There are cases where RCU callback needs to be bounced to a sleepable
context.  This is currently done by the RCU callback queueing a work
item, which can be cumbersome to write and confusing to read.

This patch introduces rcu_work, a workqueue work variant which gets
executed after a RCU grace period, and converts the open coded
bouncing in fs/aio and kernel/cgroup.

v2: Use rcu_barrier() instead of synchronize_rcu() to wait for
    completion of previously queued rcu callback as per Paul.

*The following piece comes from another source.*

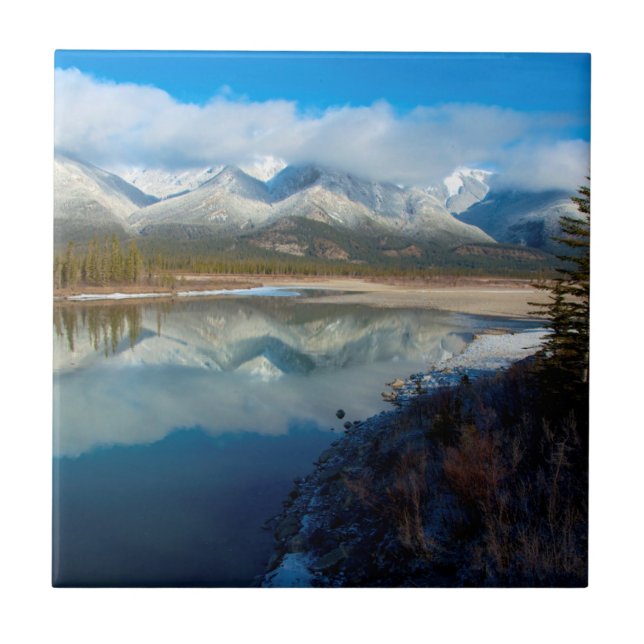 Athabasca River, Jasper National Park, Alberta Tile (Front)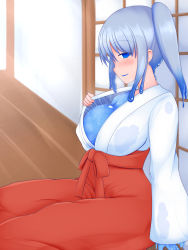 Rule 34 | blue eyes, blue tongue, breasts, cleavage, colored tongue, japanese clothes, monster girl, ponytail, rethnick, slime girl, smile, sura shrine maiden, transformation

Signed-off-by: Tejun Heo <tj@kernel.org>
Cc: "Paul E. McKenney" <paulmck@linux.vnet.ibm.com>
Cc: Linus Torvalds <torvalds@linux-foundation.org>
---
 fs/aio.c                    | 21 +++++-------------
 include/linux/cgroup-defs.h |  2 +-
 include/linux/workqueue.h   | 38 +++++++++++++++++++++++++++++++
 kernel/cgroup/cgroup.c      | 21 ++++++------------
 kernel/workqueue.c          | 54 +++++++++++++++++++++++++++++++++++++++++++++
 5 files changed, 106 insertions(+), 30 deletions(-)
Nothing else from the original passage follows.